The electricity went off for a while last night. Thankfully I had woke up in need of a visit to the bathroom. There is nothing worse than being sound asleep and having your oxygen supply cut off. I'm hooked to a bi-pap machine at night thanks to my sleep apnea. To have it suddenly stop is a nightmare. The power was off for roughly 30 minutes. I reset the alarm clock and turned the fan back on before going back to bed. But I had trouble going back to sleep. Too many thoughts rattling around in my head.
This morning I've got those things I worked on yesterday, the things I found again and a Big Bad Voodoo Daddy CD tucked into a crate to take to work. We're going to explore the internet, move a little, do some alternative activities and generally get ready to have an exciting year if I have to push, pull and drag the kids on board. I need some catalogs to order some more supplies. I may go in search of those today if none appear in my mailbox.
From the look of the schedules I have found it looks like I have the kids for roughly 6 hours. I'm not sure but I think that's illegal. If memory serves me I think they are to have 7 hours of instruction. We'll see how this bus schedule works out. This is a small school system and they have to make do with what they have. I'm not going to rock the boat about the buses.

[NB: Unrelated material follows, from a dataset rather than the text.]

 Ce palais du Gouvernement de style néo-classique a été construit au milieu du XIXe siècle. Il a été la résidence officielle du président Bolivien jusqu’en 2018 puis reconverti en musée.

I'm behind the 8 ball again. I feel kind of hemmed in and claustrophobic. I keep hearing how the previous teacher did this and the previous teacher did that. But all the while I'm looking around the room and I'm not seeing much of anything in the way of materials. It makes me wonder what he spent his money on. The kids were clearly not challenged and they were bored. As soon as I have some money to spend I'm going to buy a few things for this room because all of the special education money allotted to me is probably going to go on Samantha's prone stander. A few materials and I will rock their world. But I tell you I wanted so badly to tell these people what I was feeling but I bit my tongue. It's on the first day. I need to let it go for now. I don't feel like going to a meeting tonight. I ache all over from taking Samantha in and out of her wheel chair. She is not a sack of potatoes. But I guess in lieu of all the stinking thinking I've been having I need the meetings. So, I'm about to head out of here.